That sounds fine to me.

Mark Nottingham writes:
> Is this something that you really want to do in SPDY? Why not just reuse the existing HTTP status codes? That would make things much > simpler both for APIs and gateways.

As an implementor, I could probably live with that, but it feels
slightly inconsistent, for several reasons.

First, the SPDY spec carefully specifies the SPDY framing protocol
independently of the encoding of HTTP messages. The limits I'm
concerned with pertain to the SPDY framing protocol whether it's used
for HTTP or not.
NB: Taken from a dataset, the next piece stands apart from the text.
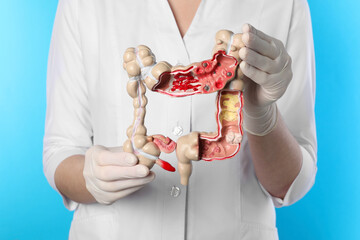 Wall Mural - Doctor with model of large intestine on light blue background, closeup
So it's perfectly reasonable for someone to
implement a "pure" SPDY library without the HTTP layering, and in this
case they would still need some way of dealing with oversized
messages.

Second, sending a SYN_REPLY does not fully close the stream, so the
sender would be free to continue sending frames and the receiver would
be obligated to accept and discard them, unless the SYN_REPLY was
followed immediately by an RST_STREAM. Since we want to immediately
close both sides of the stream, why not send just the RST_STREAM and
skip the SYN_REPLY?

Third, unidirectional streams do not allow for any kind of HTTP
SYN_REPLY, so clients would have to use a different mechanism to
reject push streams with too many headers.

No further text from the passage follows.